Thanks to the new research by the Berkeley Earth Project, the climate sceptics have received a trouncing. It turns out that Al Gore’s “Inconvenient Truth” really is true. Far from being the fabricated nonsense that it seemed during ‘Climategate’ in 2009, when climate change sceptics managed to hack into UEA e-mail systems and accuse their Climatic Research Unit of scare-mongering via made-up data, Berkeley have found that the world’s temperature has evidentially increased by 1°C since the 1950s.

Whilst 1°C seems piddling as we sit in our cosy Cambridge libraries, hibernating from icy winds and dreaming of warmer summers, in real terms it means, amongst other things, a reduction of half of the African crop yield by 2020 according to an IPCC Climate Change report.

We are so inured to statistics now that perhaps it would be more helpful to put it in people terms: population in Africa is estimated to be around the 1 billion mark and 70% of Africans rely on rain fed crops. This means that we’re looking at 350 million people going crop-less from 2020, the equivalent of nearly 20,000 Universities of Cambridge.

The real problem in Cambridge is a matter of displacement. Africa is, after all, not on our doorstep. As Robin Lamboll, Green Officer at Christ’s, perceptively points out, “Collectively, many seem to regard [the issue of Climate Change] as someone else’s problem.”

On speaking to Green Officers across the University, it seems that attitudes can vary widely from college to college. Fitz have just written their second environmental policy because the majority of the goals on the first one - including composting organic waste, safely disposing of ‘white goods’, reducing water consumption and minimising use of pesticides - have been achieved.

Emmanuel, by contrast, has no formal green policy at all.
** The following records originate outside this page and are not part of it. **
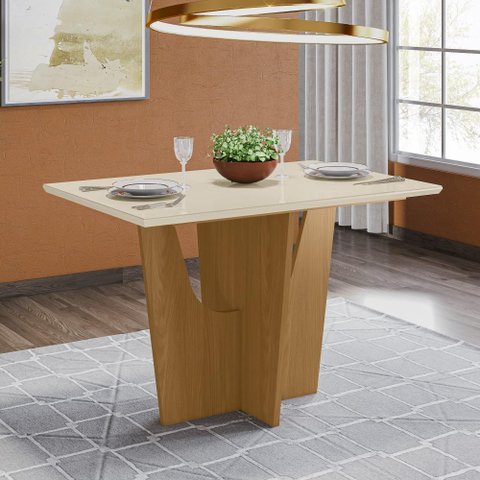 Mesa 120 x 80 cm Sala De Jantar Cozinha Retangular sem Vidro MDF Branco Off White Madeira Nature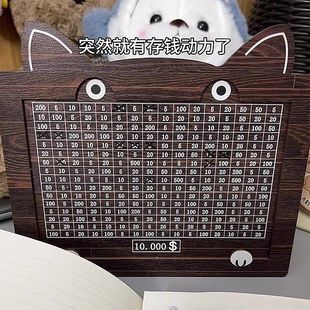 只存不取爆款纸币硬币都可存放高颜值摆件大号木质猫系存钱罐学生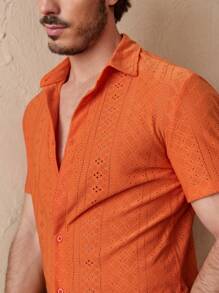 Manfinity VCAY Men's Short Sleeve Button Front Shirt - Orange - View 2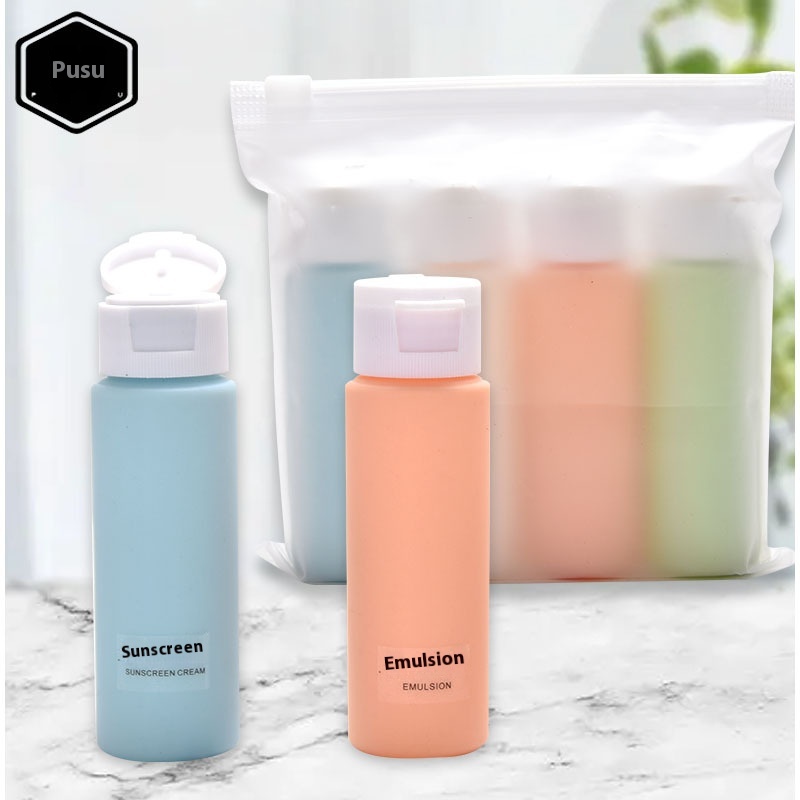 Macaron Hose Squeeze Travel Bottle Set50ml Suede Cosmetic Lotion Shampoo Storage Bottle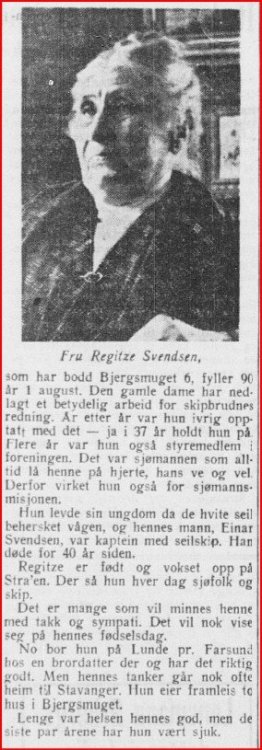 19430730 Stavanger Avis om 90 år gamle Regitze Svendsen og hennes virke i redningsselskapet.jpg
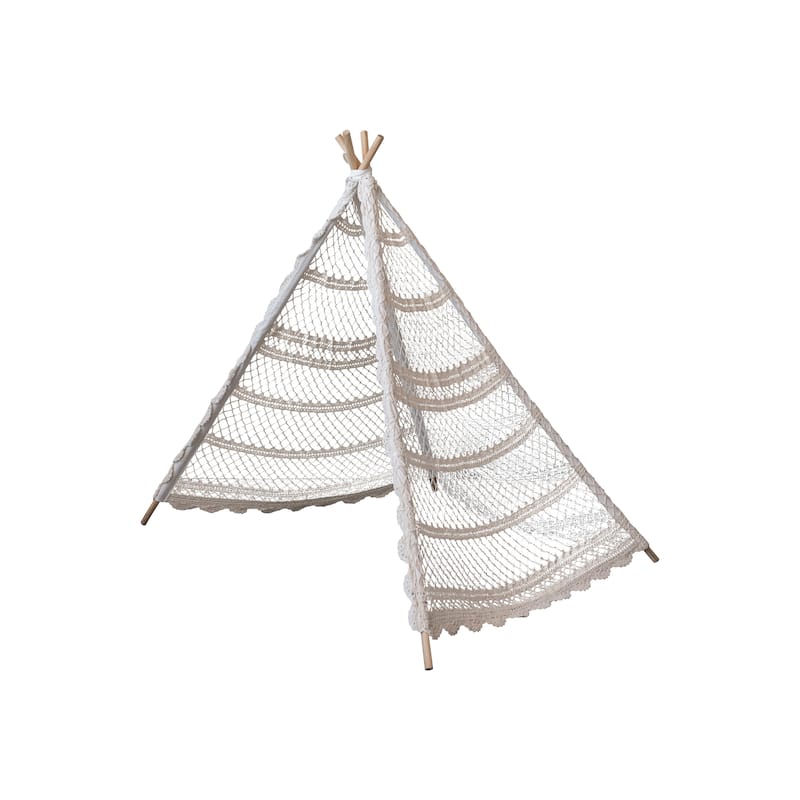 Reclaimed Cotton Crocheted and Teakwood Teepee with Mat - 40.0"L x 40.0"W x 43.5"H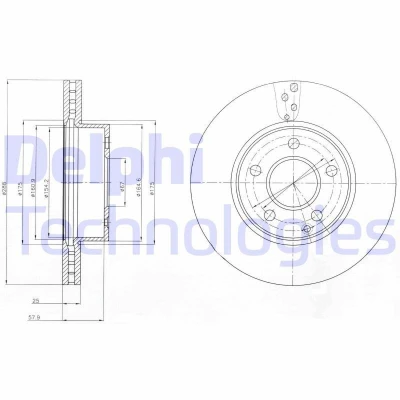 Immagine di DELPHI BG4227C Disco freno 288 25 5 ventilato rivestito ad alto tenore di carbonio senza cuscinetto ruota, anello sensore ABS
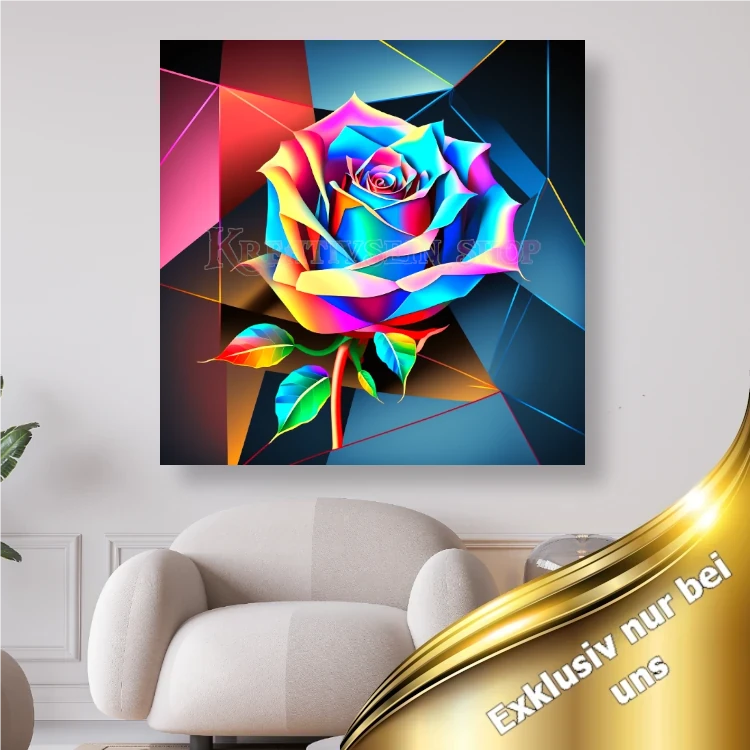 Bunte Rose auf geometrischem Hintergrund - Diamond Painting kreativsein.shop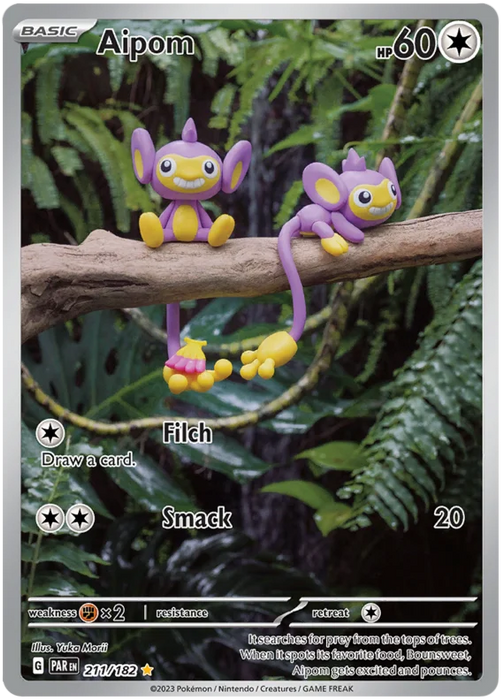 Aipom 211/182 Illustration Rare Pokemon Card (SV04 Paradox Rift)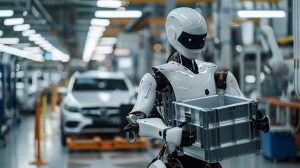 Humanoidní robot v továrně na výrobu automobilů (ilustrační obrázek)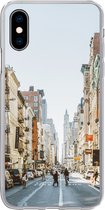 Geschikt voor iPhone X hoesje - Drukke straat in New York - Siliconen Telefoonhoesje
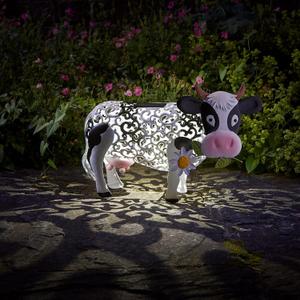 Daisy Cow Garden Solar Light Outdoor Decor, Color Changing Hollowed-Out Daisy Cow Garden Figurine Metal Decorative Cow Lamp for Outdoor Patio Yard Art Decoration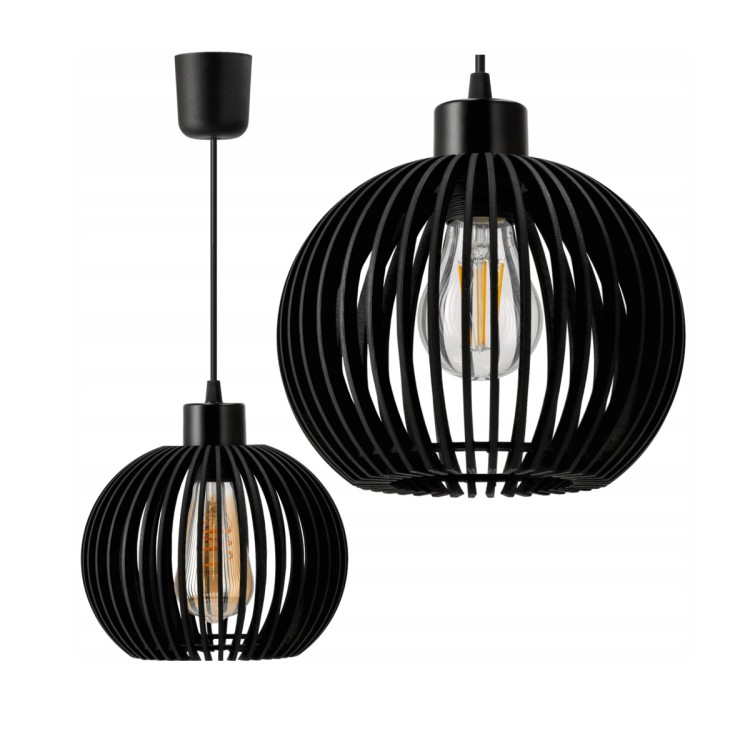 Lampa Wisząca Sufitowa Żyrandol LED E27 Drewniana Kula Gęsta Czarna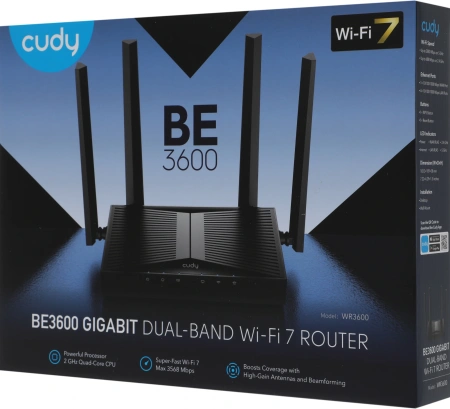Роутер беспроводной Cudy WR3600 BE3600 10/100/1000BASE-TX черный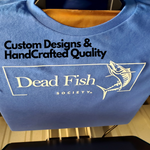 an image of DFS at the dock blue custom tee , front logo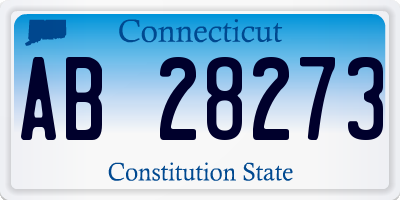 CT license plate AB28273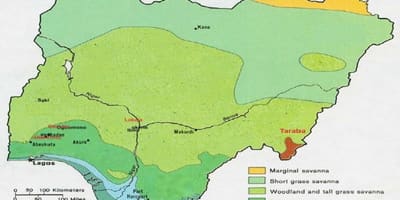 Карта на Нигерия с посочване на растителност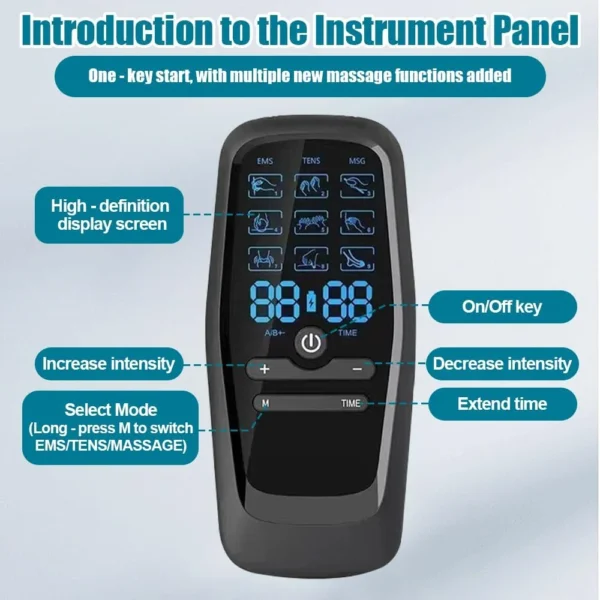 Blueidea Dual Channel TENS & EMS Period & Labour Pain Simulator Machine (9 Modes, 10 Patches) | Best Price in Pakistan - Image 4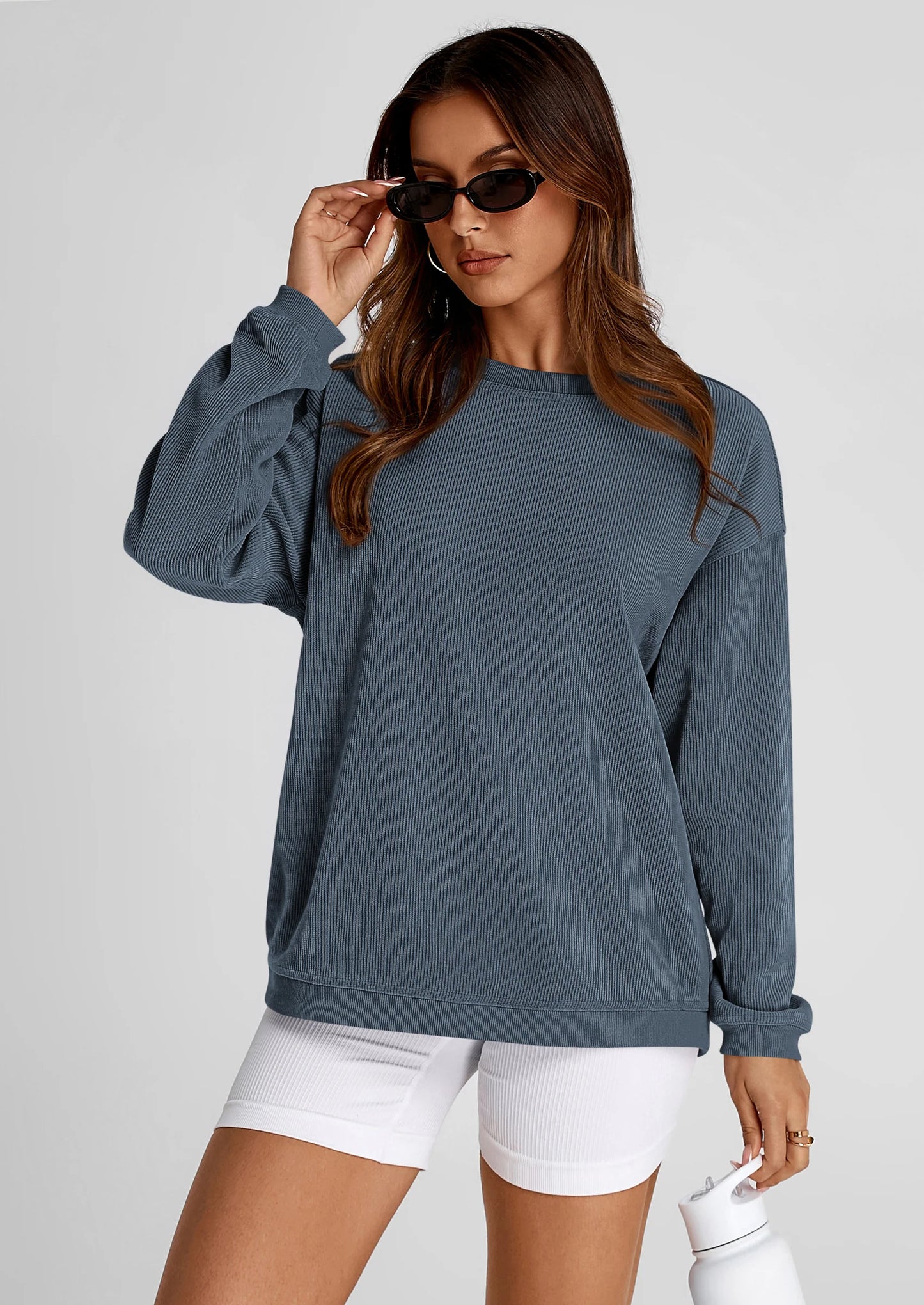 Women's Oversized Sweatshirt 2025 Fall Fashion Clothes Ribbed Corduroy Long Sleeve Going Out Pullover Tops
One Emma student commented, “The environment seems to come way down the college’s list of priorities, far below maintaining the aesthetic beauty or providing students with extra leisure facilities like a gym.”

There is also a dichotomy of opinions over whether we live in an environment that facilitates ‘green living’. Essentially, as CUSU Environment Officer Mark Robinson points out, being green in Cambridge is easy. Everything is in close proximity and cycling around town, whilst being an occasionally hazardous activity, knocks huge amounts off of potential fuel emissions. Colleges are themselves tight, self-contained communities; in theory better for the environment as it allows for sharing facilities and small ratios of buildings to people.

At the same time though, the wonderfully clichéd ‘bubble’ that colleges create makes for a pretty artificial environment. Bea Leadingham at Magdalene suggests, “Students at other universities develop green thinking much more naturally than we do – there needs to be more incentives!” She points out that living in a shared house makes students far more aware of the amount of electricity and heating that they use thanks to monthly bills dropping through the letterbox – encouraging them to use less.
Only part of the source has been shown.